On the Spot: Natalie Zemon Davis
‘I’d like to meet the 16th-century Leo Africanus’
Why are you a historian of the early modern period?
I like the interchange between new religious and social forms and traditional ones; and the expansion of contact between European and non-Europeans.
What’s the most important lesson history has taught you?
Never give up hope. No matter how violent the times, there were always those who sought to bring remedy and tell stories for those who came after them.
Which history book has had the greatest influence on you?
Marc Bloch’s Société féodale, but I’ve read many good ones since.
What book in your field should everyone read?
The Essais of Montaigne.
Which moment would you most like to go back to?
It would be interesting to sense the excitement in 1789, when the Estates General turned itself into the National Assembly.
Which historian has had the greatest influence on you?
The most important influences on me are anthropologists like Clifford Geertz and Victor Turner and literary scholars like Mikhail Bakhtin.
Which person in history would you most like to have met?
I’d like to meet the 16th-century Leo Africanus, to see if I’ve got his thoughts right on theatre.
How many languages do you have?
French, Latin and German.
What’s the most exciting field in history today?
The history of slavery, the history of gender, the senses and the history of the book.
Which genre of history do you like least?
Any field or type of history can be interesting if it’s done well.
What historical topic have you changed your mind on?
Early on, I dropped the notion of historical ‘stages’ and instead looked at societies and their changes ethnographically.
Is there a major historical text you have not read?
Eric Hobsbawm’s The Age of Extremes.
What’s your favourite archive?
The Archives municipales de Lyon, in its beautiful old setting.
What’s the best museum?
The Royal Ontario Museum.
Normans or Anglo-Saxons?
Why should one choose?
Rome or Athens?
Both were imperial slave societies, both great centres of culture. I’m not choosing.
Braudel or Gibbon?
I’d rather compare them.
Michelangelo or Frida Kahlo?
Both are high on my list, but Michelangelo is part of the world I am now writing about.

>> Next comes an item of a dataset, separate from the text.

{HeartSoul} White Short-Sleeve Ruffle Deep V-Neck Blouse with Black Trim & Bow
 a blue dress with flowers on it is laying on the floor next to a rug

What is the most common misconception about your field?
It concerns the overuse of the term ‘Renaissance’.
What will future generations judge us most harshly for?
Failing to deal sufficiently with the issues of climate and global warming.
Natalie Zemon Davis is Adjunct Professor of History and Anthropology and Professor of Medieval Studies at the University of Toronto. Her many books include Society and Culture in Early Modern France (Stanford, 1975); The Return of Martin Guerre (Harvard, 1983); Women on the Margins: Three Seventeenth-Century Lives (Harvard, 1995); and The Gift in Sixteenth-Century France (University of Wisconsin, 2000).